Pero no, los relatos son ficticios. Cada lector verá que en su pueblo se cuentan historias semejantes. La inclusión de nombres reales no es sino un recurso literario, una especie de juego con el que crear confusión entre lo verídico y lo verosímil. Al fin y al cabo, los relatos de ficción no tienen por qué estar desvinculados de la realidad.
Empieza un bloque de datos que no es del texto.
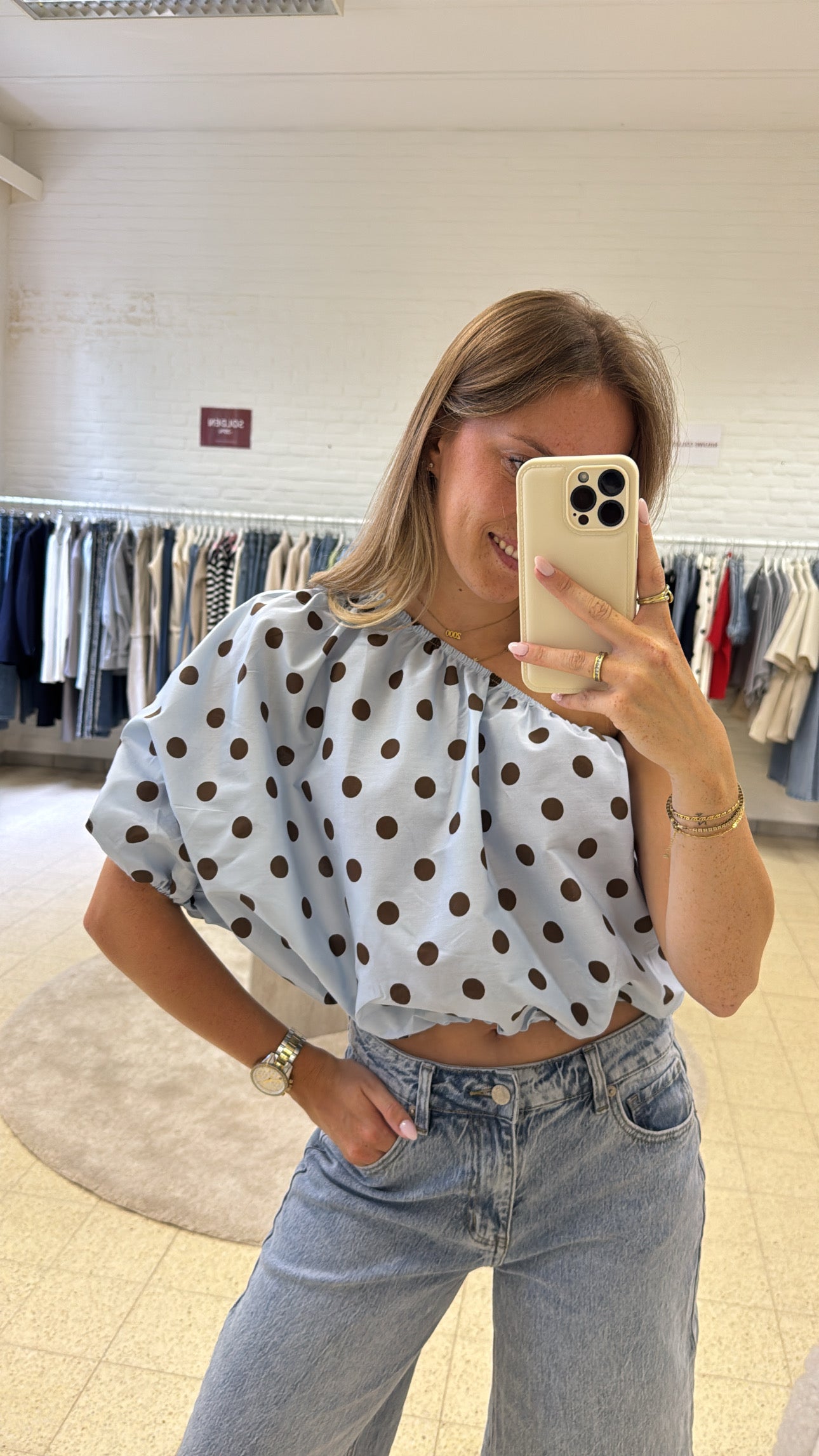 Juliette top - bruin / blauw / wit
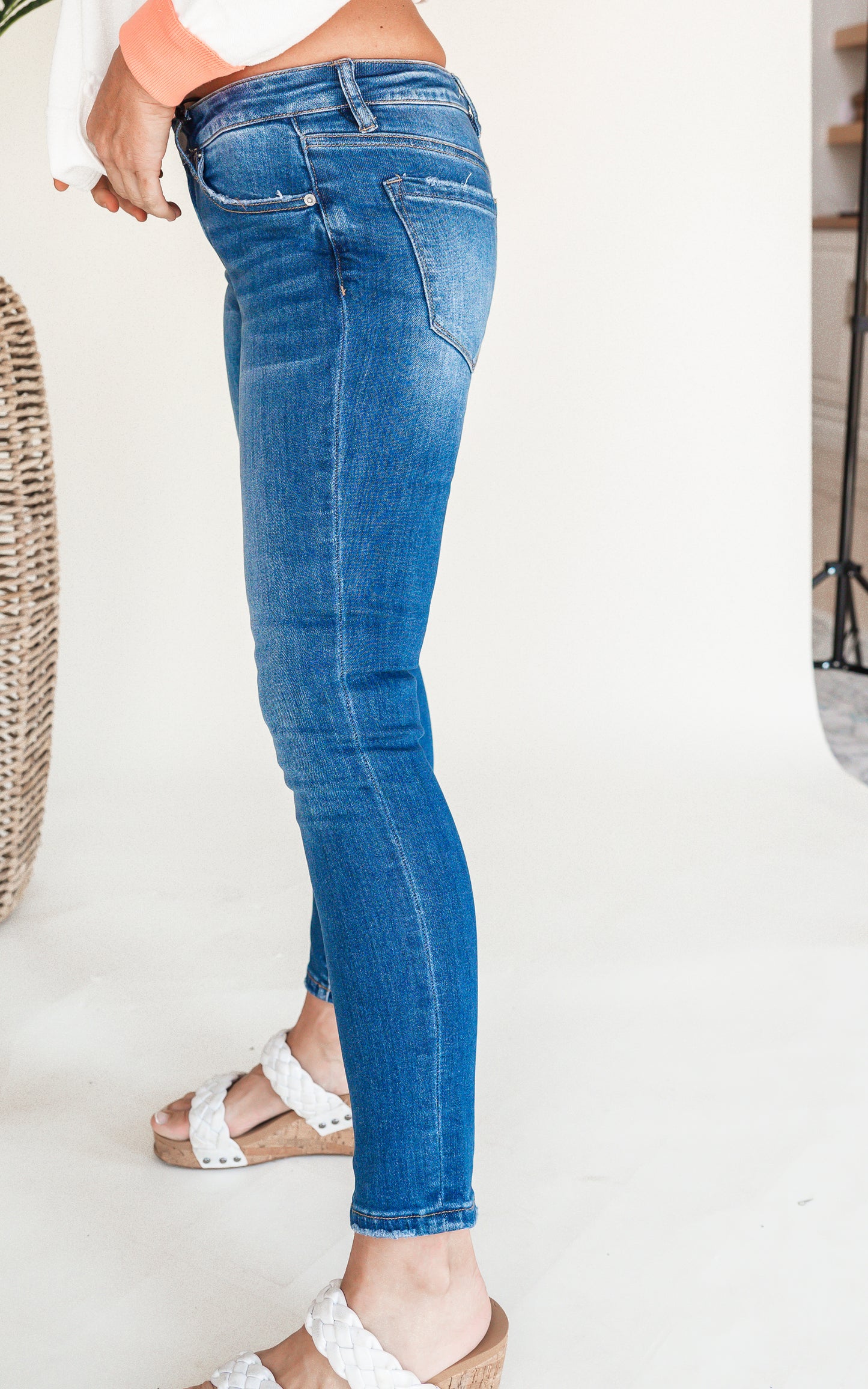 The Alice Medium Wash Mid-Rise Cigarette Ankle Denim Jeans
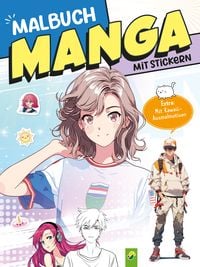 Produktbild: Extra dickes Manga-Malbuch mit Stickern zum Kreativsein und Entspannen f&uuml;r alle Manga-Fans!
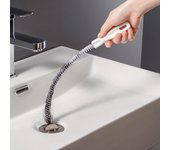Limpiador de cepillo de pelo con tira de dragado de tuberías portátil de 45cm, limpiador de drenaje de fregadero plegable, palos, removedor de obstrucciones, herramienta de limpieza de cocina 45cm blanco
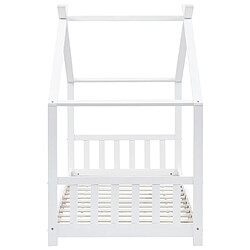 Maison Chic Lit d'Enfant Chambre - Cadre de lit pour enfant Blanc Bois de pin massif 90 x 200 cm -MN44295 pas cher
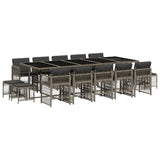 15 Piece Garden Dining Set with Cushions Grey Poly Rattan 3210992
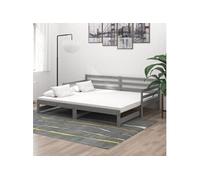 vidaXL Lit coulissant Gris 2x(90x200) cm bois de pin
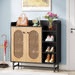 Rattan Shoe Cabinet, Shoe Storage Organizer with Doors & Open Shelves (HOGA-NY027)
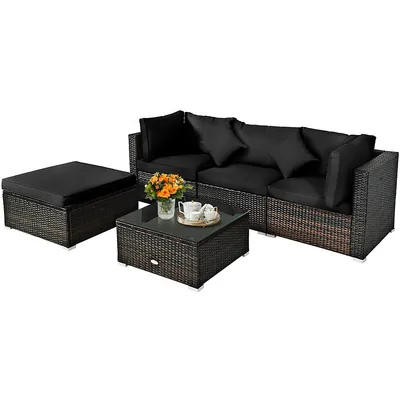 5pcs Outdoor Patio Rattan Furniture Set Sectional Conversation W/cushion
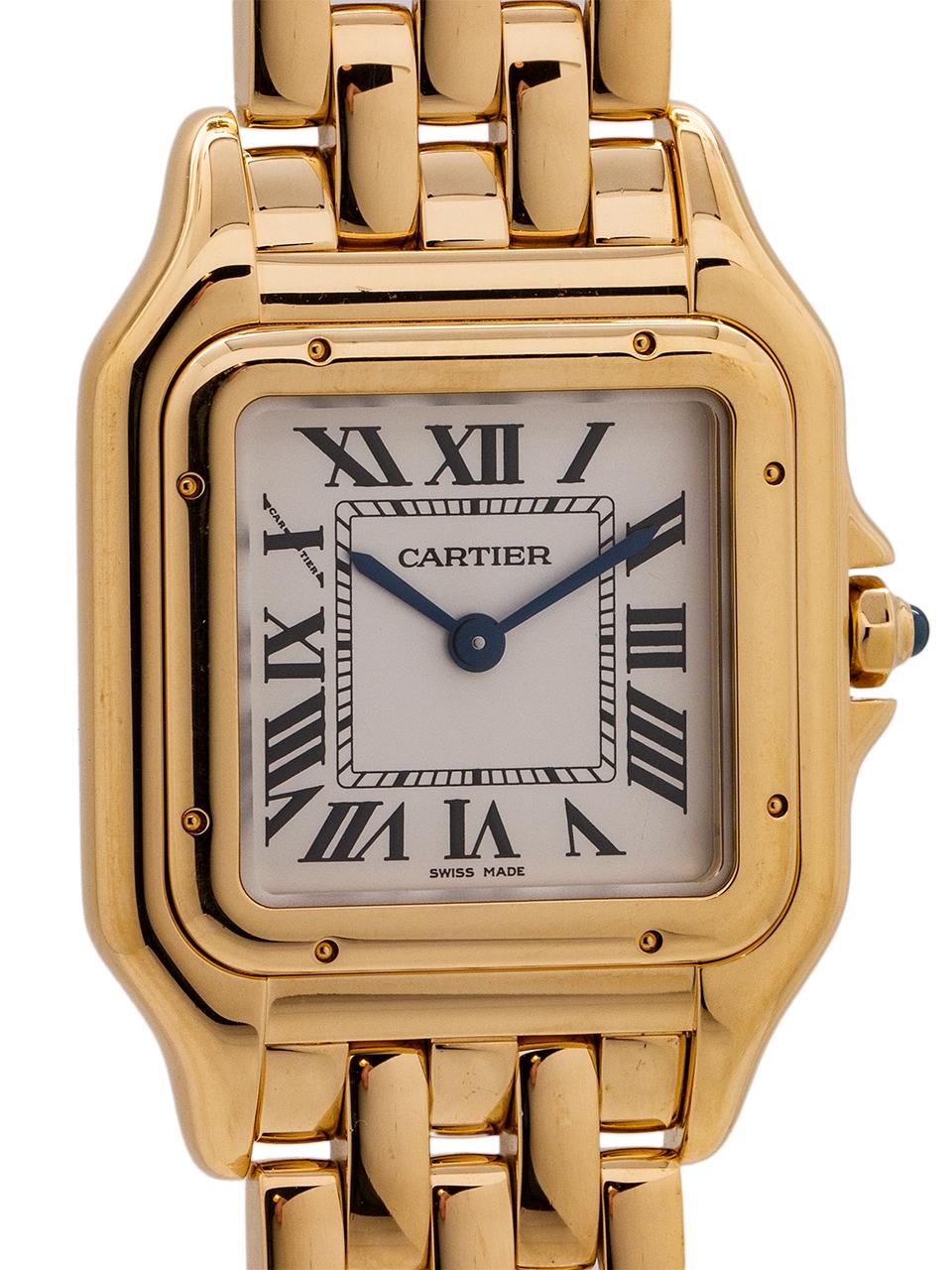 
Cartier Lady’s 18K yellow gold Panther circa 2017. Very nice condition preowned example of the recently re-released classic Cartier piece. Battery powered quartz movement. Panther 18K YG bracelet with butterfly deployment clasp. The Panther was a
Admitido eso, digamos que en todos los de esta serie hallaremos tanta o más carga de verosimilitud que en cualquier magacín de la televisión. ¿O acaso no son más creíbles Manuela y José, del cuento La carta, o Catalina y Carlos, del cuento Pajarito, que esos Sergio y Marieta, de La isla de las tentaciones o programas similares?
Si tengo o no razón, los lectores decidirán. La primera prueba la tendremos con el próximo cuento, que se titula Bagatela para piano.